Records supplied:
<<<<

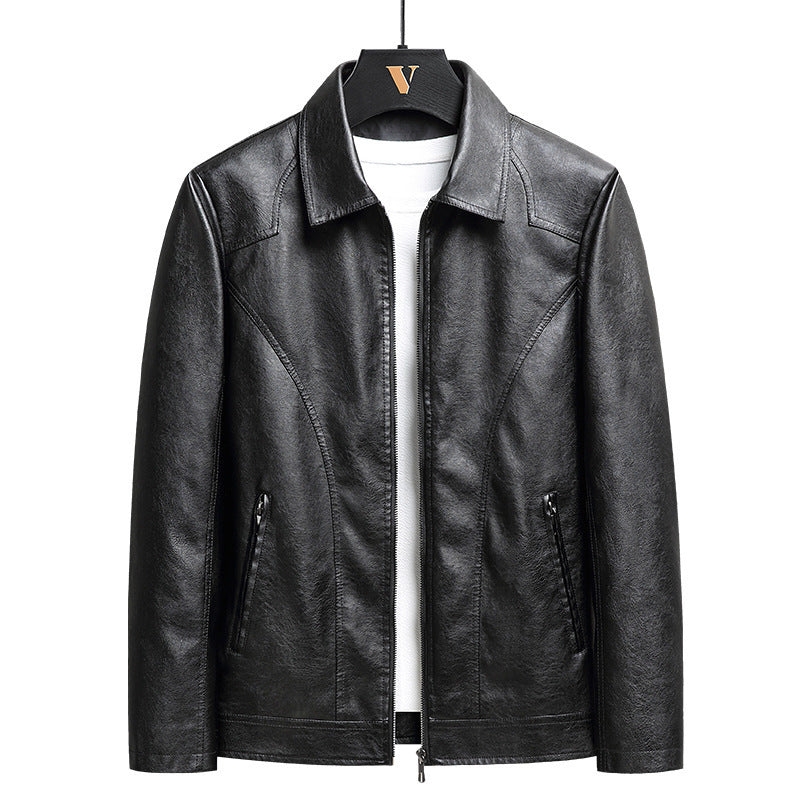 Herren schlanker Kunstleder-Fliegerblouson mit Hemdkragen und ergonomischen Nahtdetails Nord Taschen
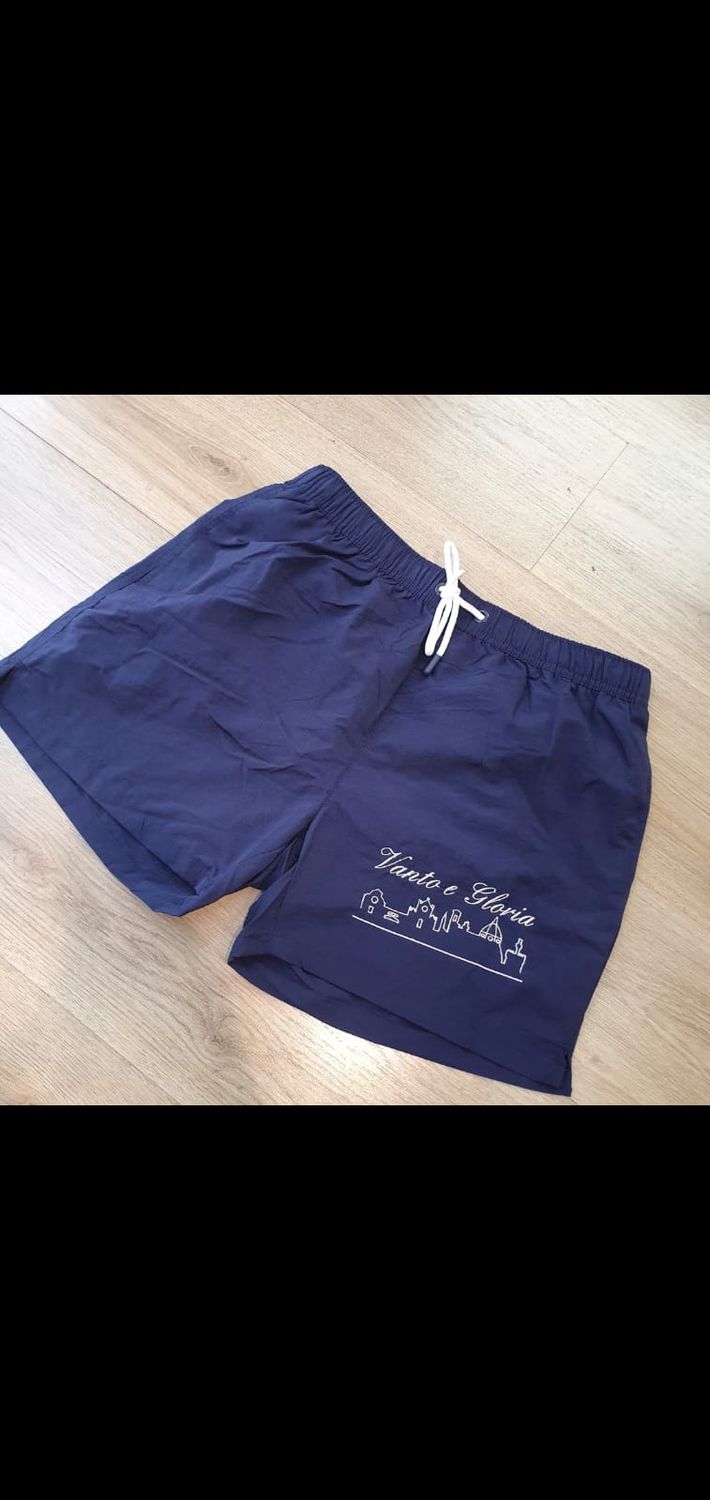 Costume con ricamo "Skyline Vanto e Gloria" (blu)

>>>>
<<<<

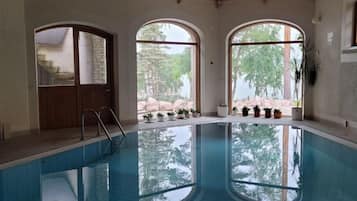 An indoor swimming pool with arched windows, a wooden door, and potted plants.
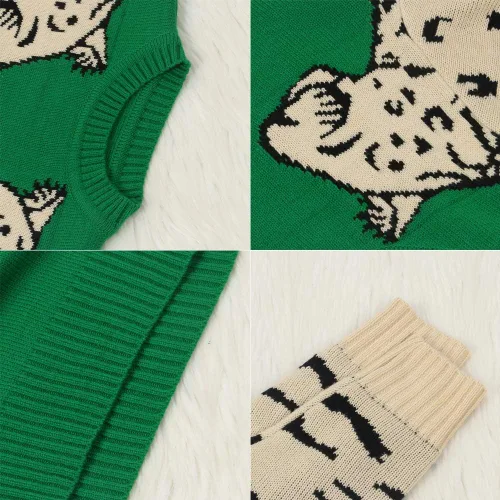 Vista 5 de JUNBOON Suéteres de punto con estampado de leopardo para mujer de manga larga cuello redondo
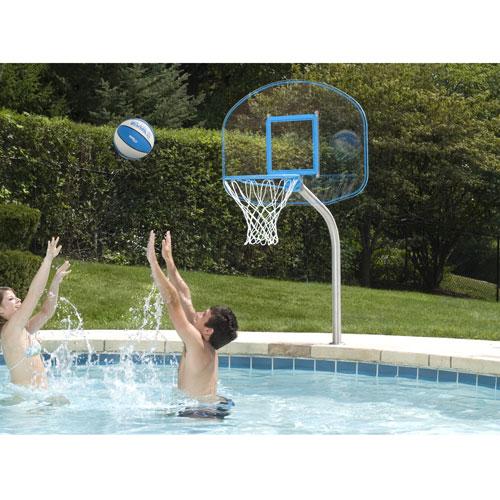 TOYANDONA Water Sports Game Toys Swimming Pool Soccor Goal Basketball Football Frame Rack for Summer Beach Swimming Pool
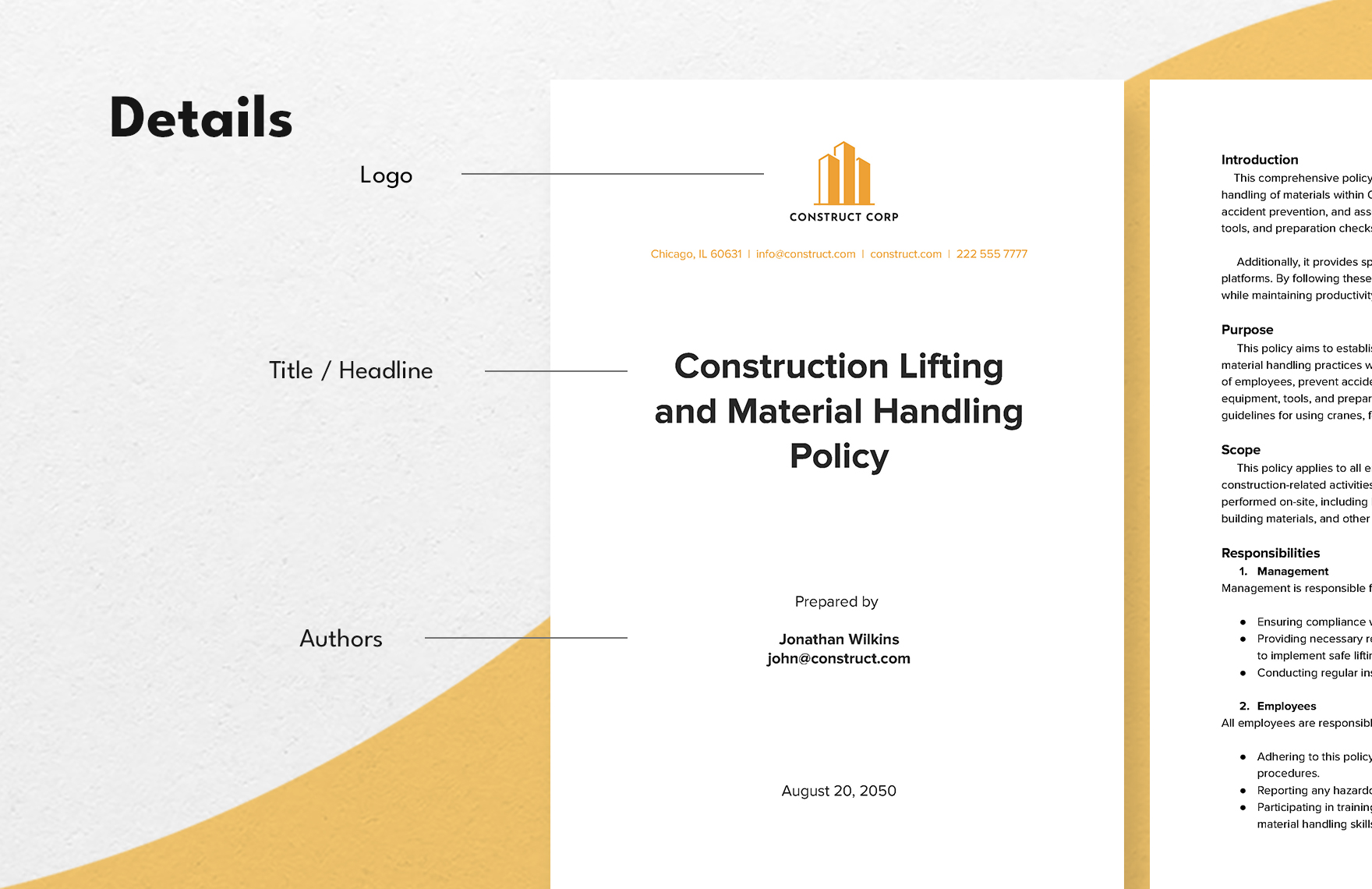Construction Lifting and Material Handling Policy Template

>>>>

Problem requirements:
Pictures excluded, transcribe the listing above exactly from the line with "Vista 5 de JUNBOON" through the line with "Construction Lifting and", and no further.

Written response:
 Vista 5 de JUNBOON Suéteres de punto con estampado de leopardo para mujer de manga larga cuello redondo
 TOYANDONA Water Sports Game Toys Swimming Pool Soccor Goal Basketball Football Frame Rack for Summer Beach Swimming Pool
Construction Lifting and Material Handling Policy Template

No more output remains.